Ich habe in einem alten Buch, das Kästner hätte kennen können, da es 1927 erschienen ist, eine Passage über Bürokratisierung gefunden, welche das Phänomen der faulen Lehrer strukturell verständlich macht. Ich hänge einen Exkurs an – als Lehrer kann man auch Schüler mit dem Phänomen bekannt machen (wobei L. Mises‘ Urteil über die Effizienz des Betriebes und das Vorankommen der Tüchtigen dort auch mit etwas Skepsis zu lesen ist).
Exkurs über Bürokratisierung (im Anschluss an Ludwig Mises: Liberalismus, 1927 = 2010, S. 85 ff.)
Im Gegensatz zu einem normalen Wirtschaftsbetrieb ist die öffentliche Verwaltung nicht darauf aus, Gewinn zu erzielen; im Betrieb dagegen können die einzelnen Abteilungen durch eine Kosten-Nutzen-Rechnung überprüft werden, ob sie wirtschaftlich arbeiten, also erfolgreich sind. Die Orientierung am Erfolg wirkt sich auf die Freiheit des Abteilungsleiters und die Einstellung des Personals aus: Er ist bemüht, gute Leute zu finden und zu behalten und so zu wirtschaften, dass Gewinn erzielt wird. In der Verwaltung gibt es dagegen keine Kriterien, um objektiv festzustellen, ob ein Ressort gut verwaltet wird.
Das hat Rückwirkungen auf den inneren Betrieb des bürokratischen Apparats: Man arbeitet nach Anweisungen, die zu befolgen Pflicht ist; für alle außerordentlichen Fälle muss die Weisung der vorgesetzten Behörde eingeholt werden. Dadurch werden oft unnötige Ausgaben gemacht, während erforderliche unterbleiben.
Die Bürokratisierung wirkt sich auch auf den Bürokraten aus: Da Erfolgskriterien fehlen, sind bei Einstellung und Bezahlung (Beförderung) der Gunst und Missgunst Tür und Tor geöffnet. Um die Willkür dabei zu begrenzen, werden dafür formale Kriterien wie Schulbesuch, Prüfungen und Dienstalter vorgegeben. Dadurch wird ausgeschlossen, dass kraftvolle und tüchtige Persönlichkeiten an die Stellen kommen, die ihren Kräften und Fähigkeiten entsprechen.

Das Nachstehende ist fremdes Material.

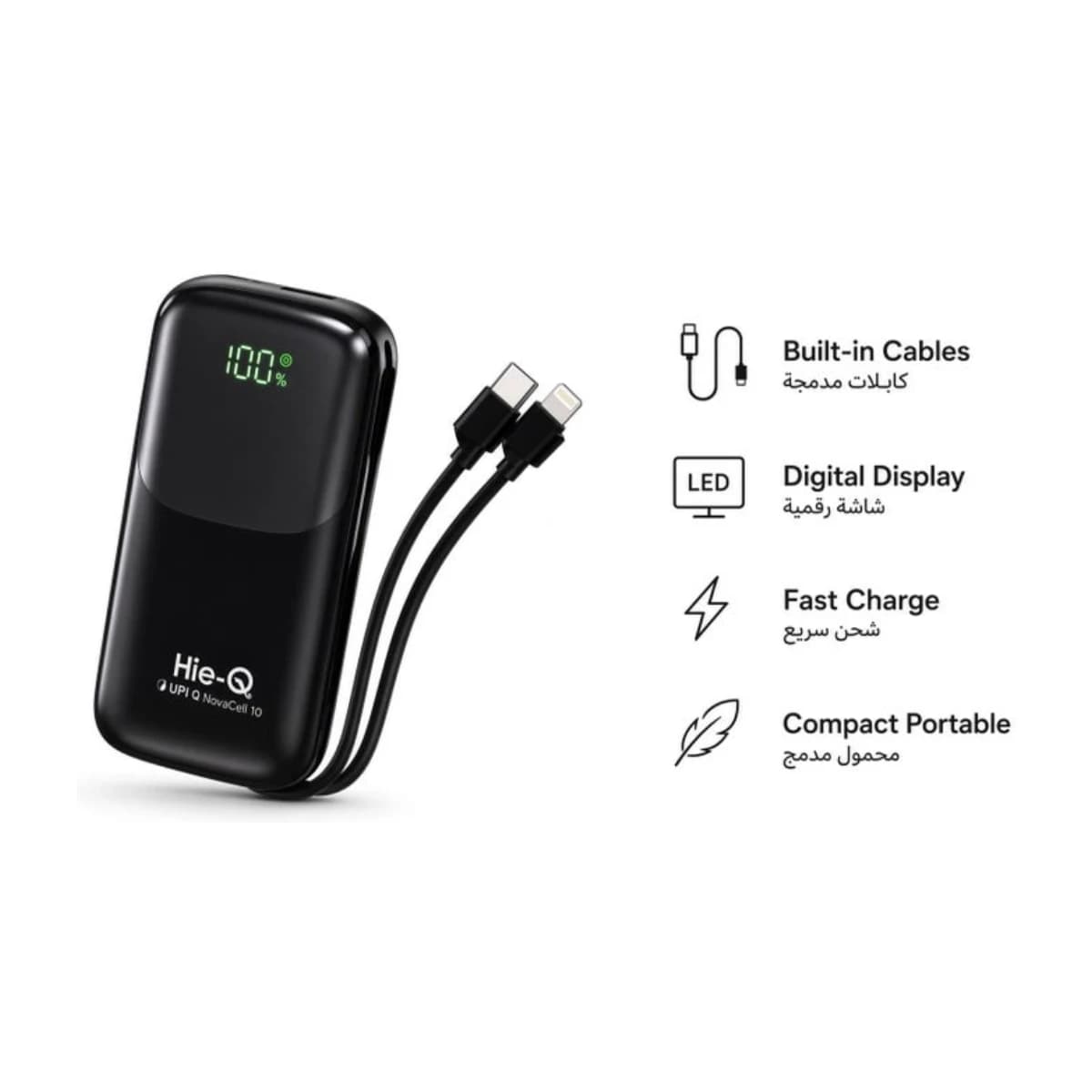 Hie-Q NovaCell 10 10000mAh Portable Power Bank, Built-In USB-C & Lightning Cables, LED Digital Display, Fast Charging, High-Capacity Battery Charger, Compact Dual-Cable Power Bank for iPhone, Android Smartphones, Tablets, Travel, Office, Outdoor Activities & Daily Use - Thumbnail Angle 2 | Elmougi Store UAE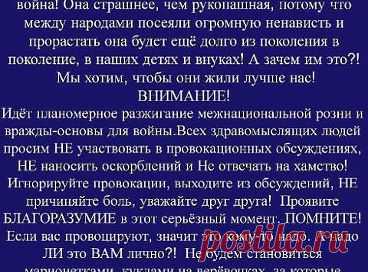 МИРОВОЕ ПОЛИТИЧЕСКОЕ ШОУ™. Добавлены 3 фотографии в альбом ВЕЖЛИВЫЕ ЛЮДИ (фото добавляем только по...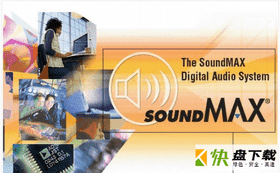 soundmax下载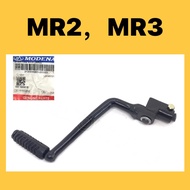 Modenas MR2 MR3 Kriss 110 MR2 MR3 Kick Starter Pedal Local / 21200-H0E5 Starter Arm Engko Padle Padd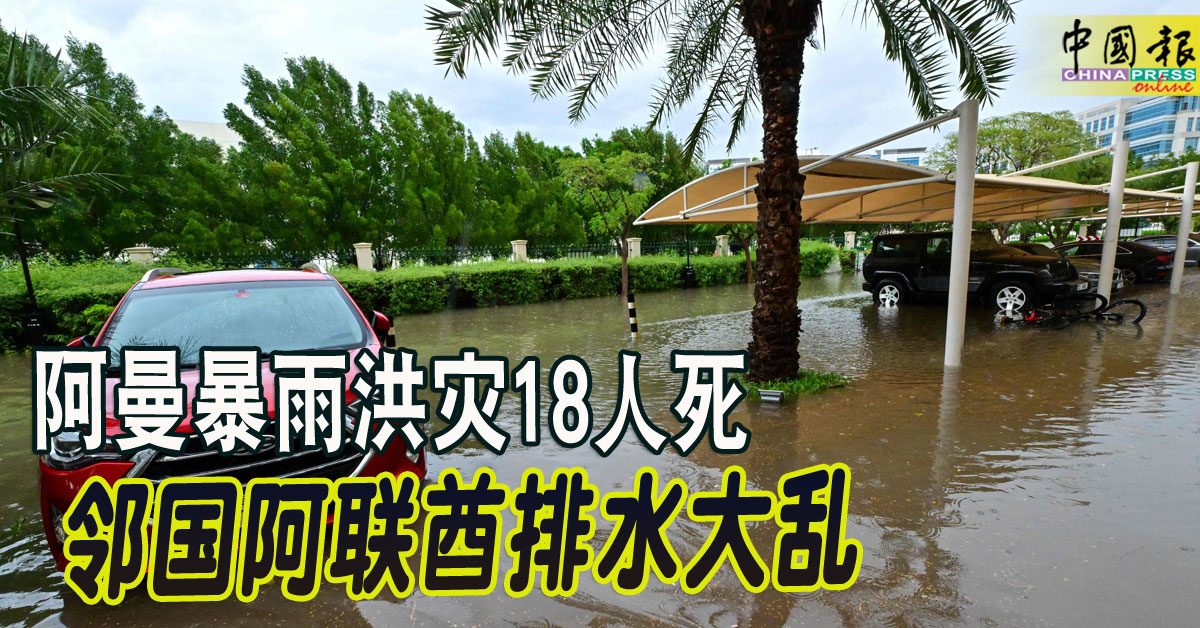 阿曼暴雨洪灾18人死 邻国阿联酋排水大乱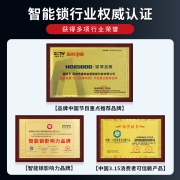 皇家金盾（HAJOJODO） 智能锁指纹锁密码锁电子锁人脸识别门锁防盗门上门免费包安装半自动门锁 R50-国标锁体【免费安装+三年质保】 人脸版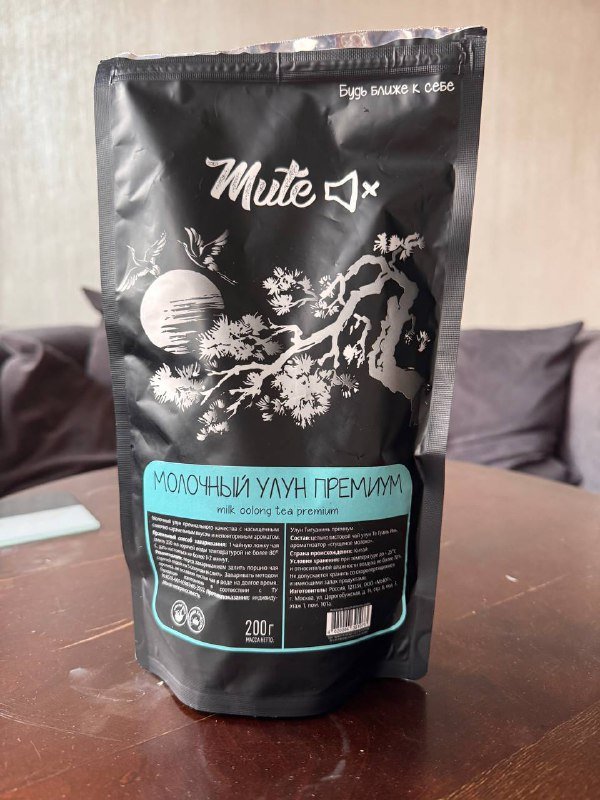 Молочный улун ароматизированный чай 200 гр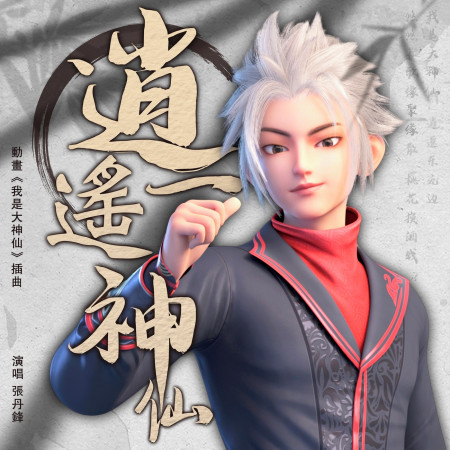 逍遙一神仙 (《我是大神仙》動畫插曲)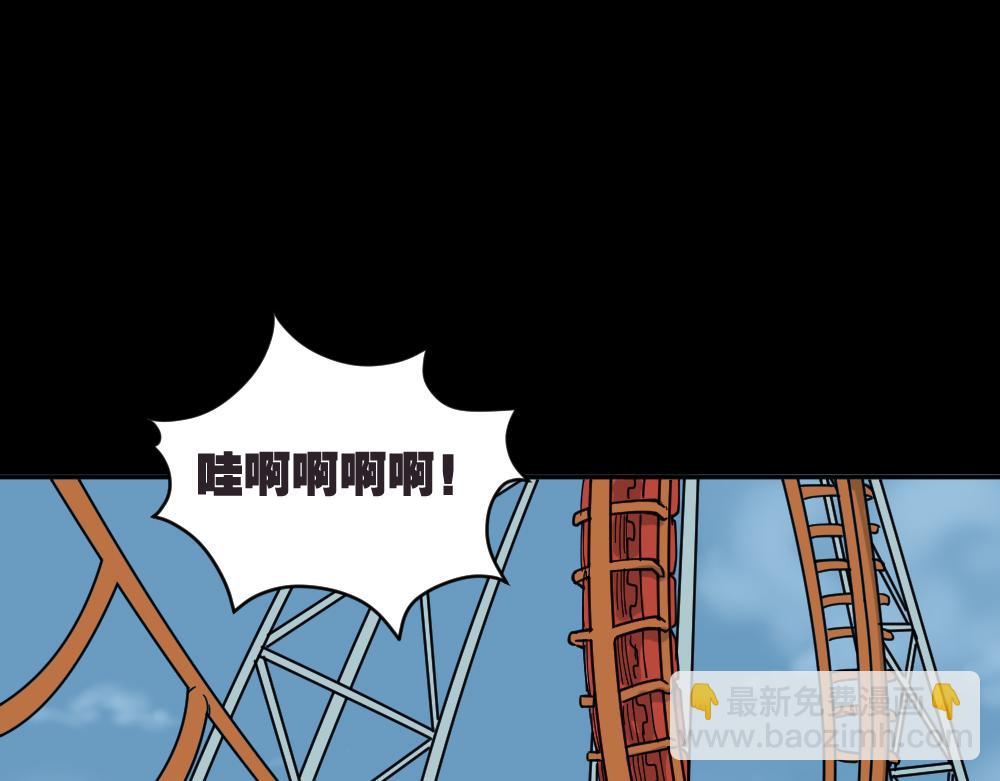 不存在的男朋友210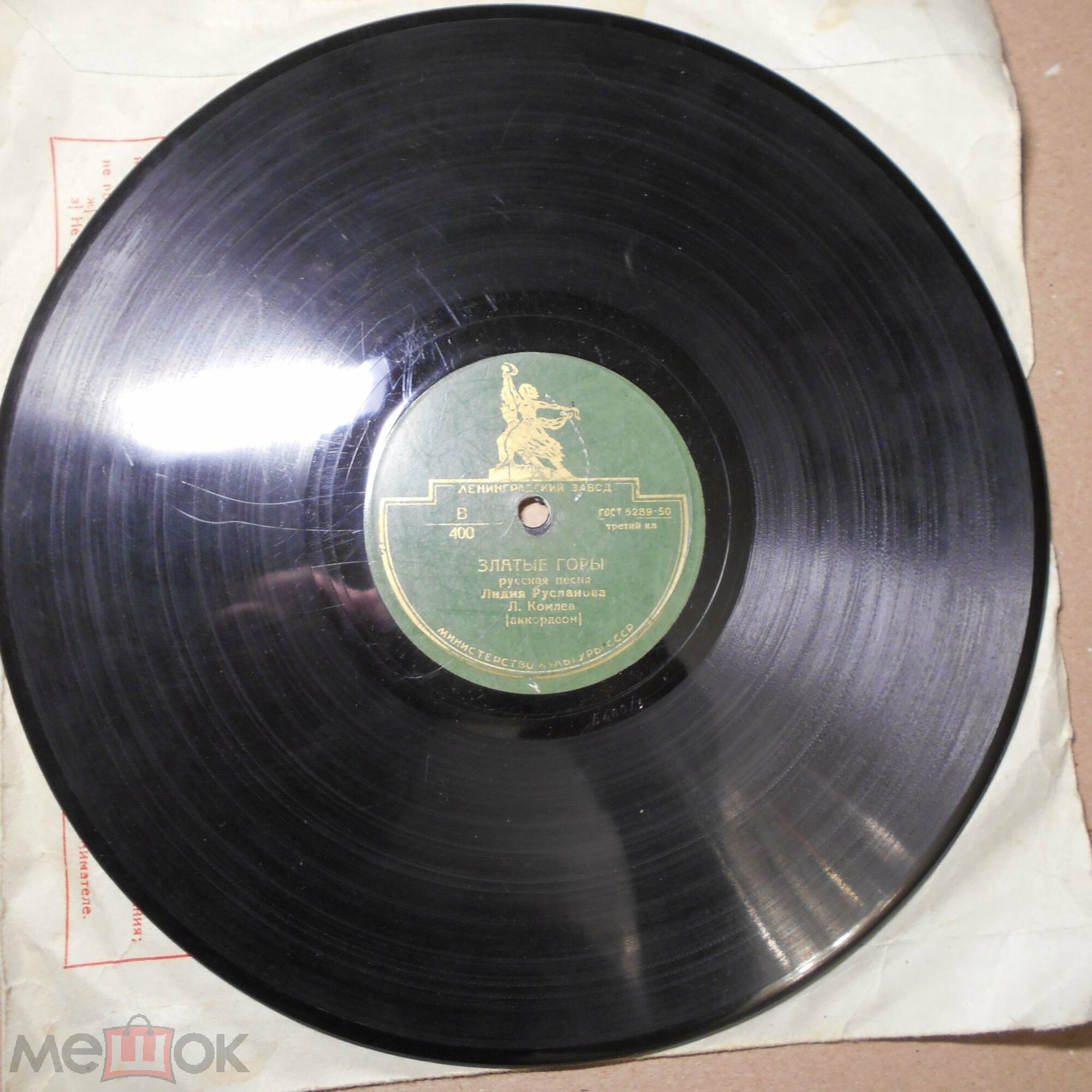 Лидия Русланова — Златые горы / Частушки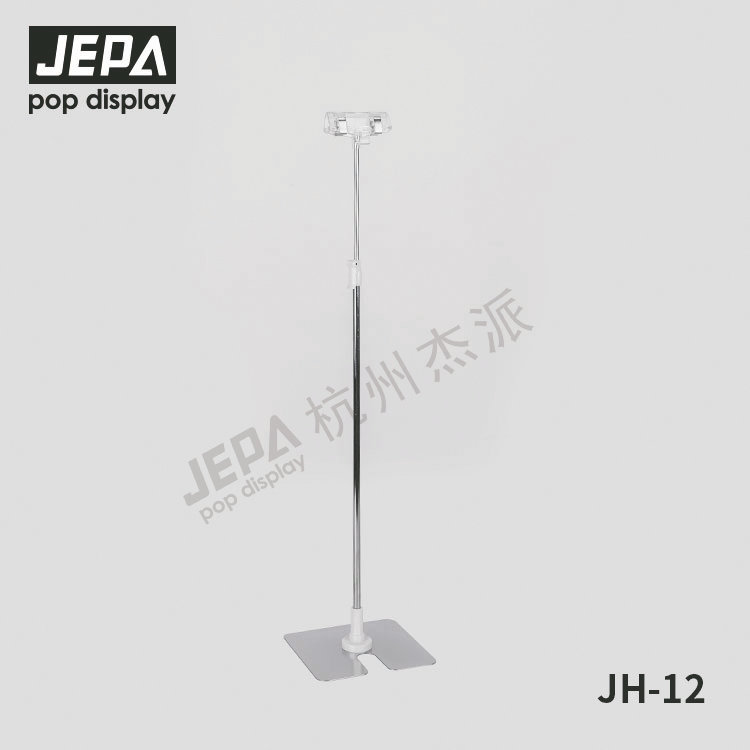 Tabletop display stand JH-12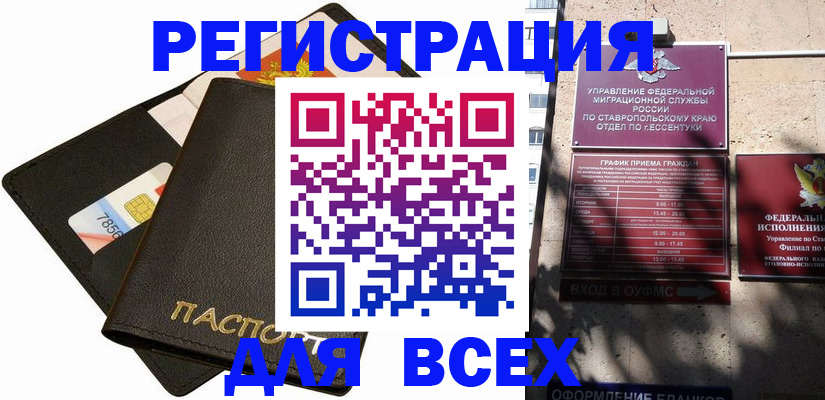 прописка для военкомата в Немане
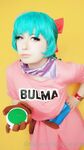 Usatame Bulma OF Selfies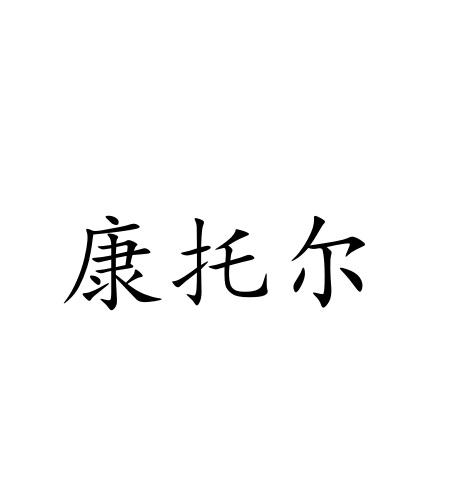 康托尔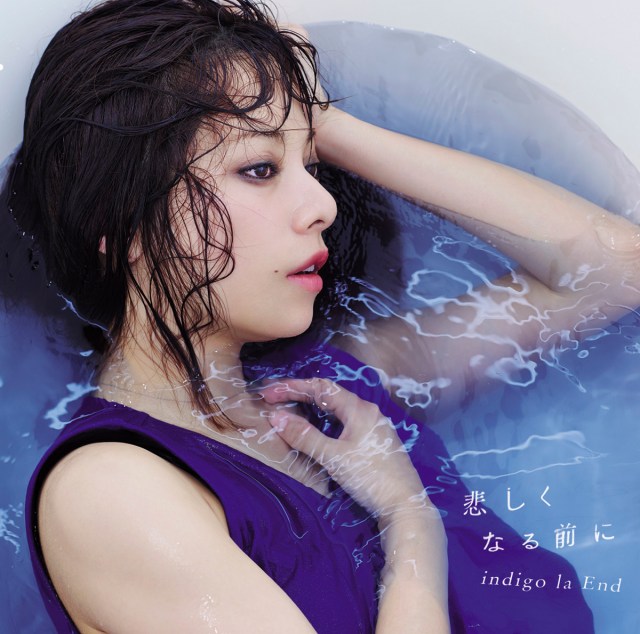 indigo la End「夏夜のマジック」（権利元：ワーナーミュージック・ジャパン／2015年6月17日配信開始）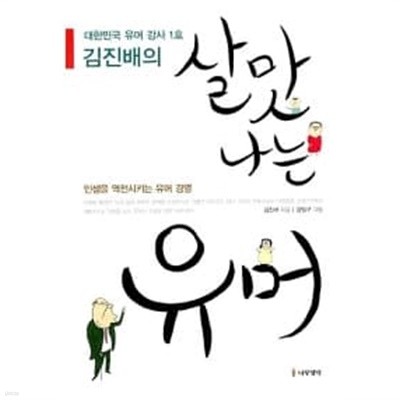 김진배의 살맛 나는 유머   개인소장도서/ 완전상급/  === 책천지 ===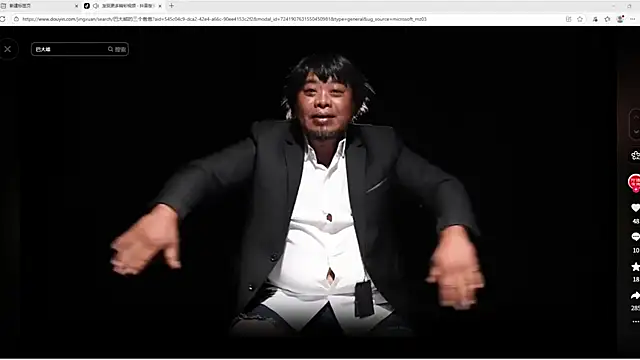 cherry-fa's cam snapshot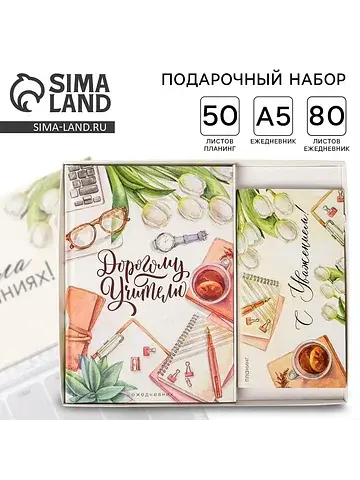 Подарочный набор, ежедневник а5, 80 л., 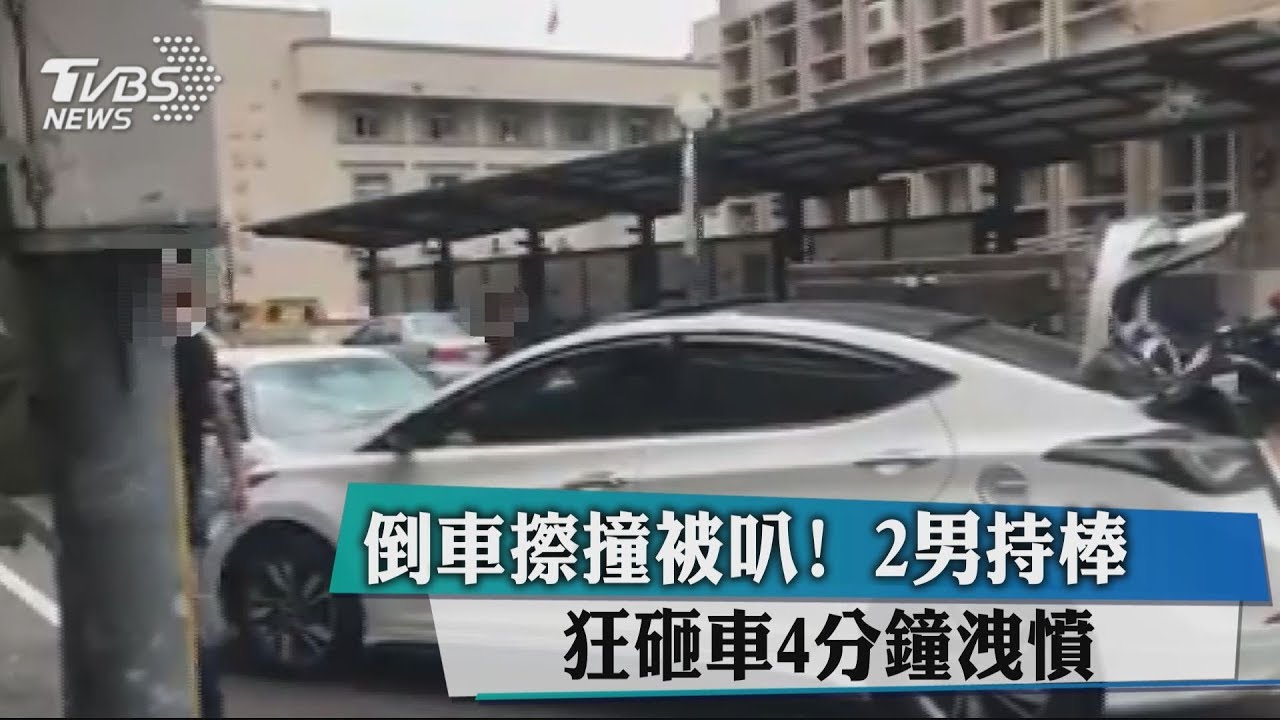 倒車擦撞被叭! 2男持棒狂砸車4分鐘洩憤
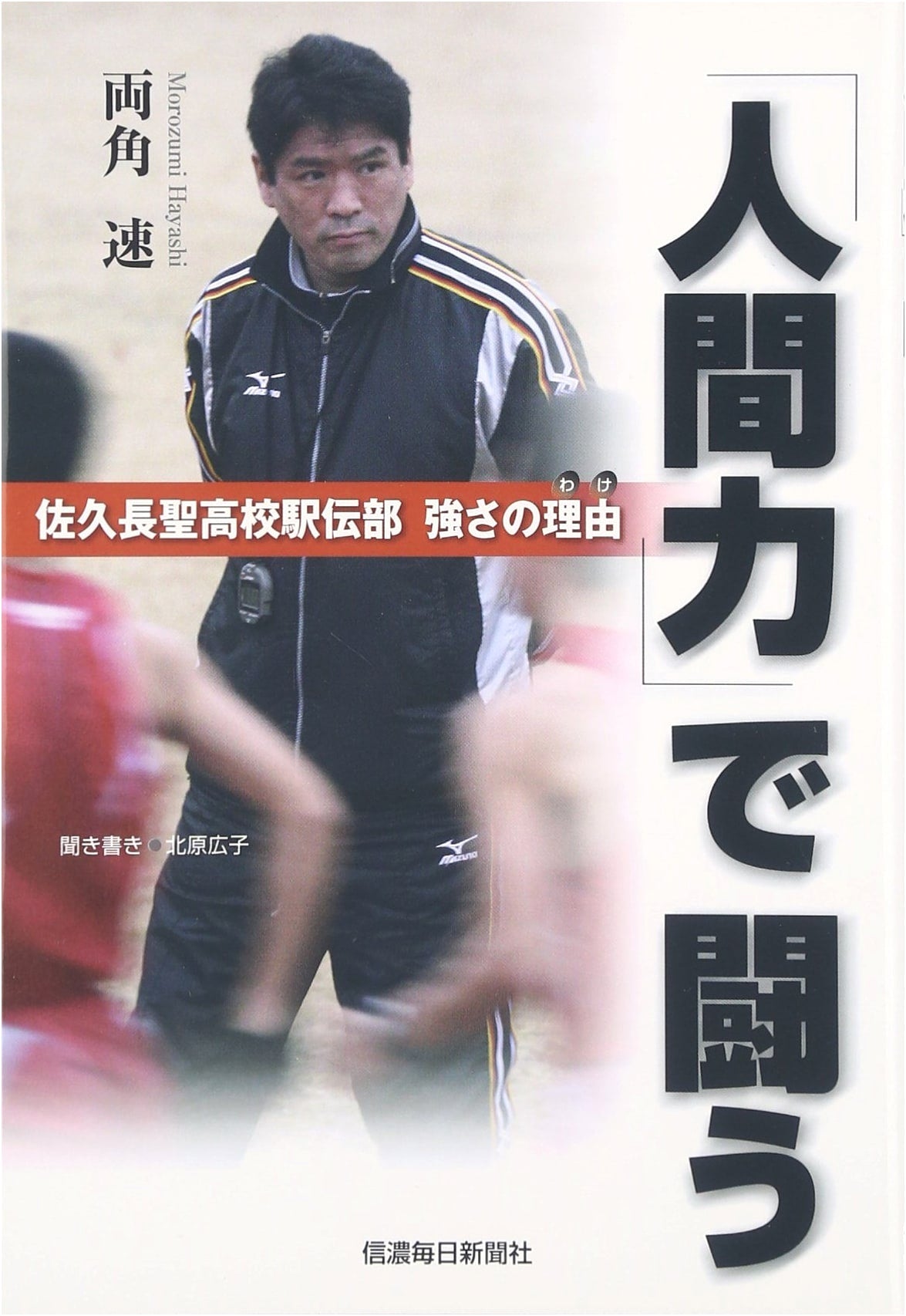 Saku Chosei High School Ekiden Club: The Reasons for Their Strength and Human Spirit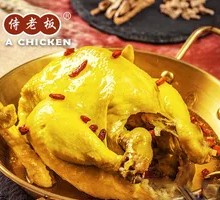 Nourishing Steamed Chicken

Das entscheidende Merkmal des bürokratischen Betriebs ist also, „daß ihm die Richtschnur der Rentabilitätsrechnung zur Beurteilung des Geschäftserfolges in seinem Verhältnis zum Aufwand fehlt“ und dass er „die Abwicklung der Geschäfte und die Einstellung des Personals an formale Vorschriften“ bindet.
Nachtrag meinerseits: Für die Arbeit der Bürokraten hat das zur Folge, dass sie weithin mit der Zeit „Dienst nach Vorschrift“ machen und wenig Lust verspüren, sich übermäßig zu engagieren.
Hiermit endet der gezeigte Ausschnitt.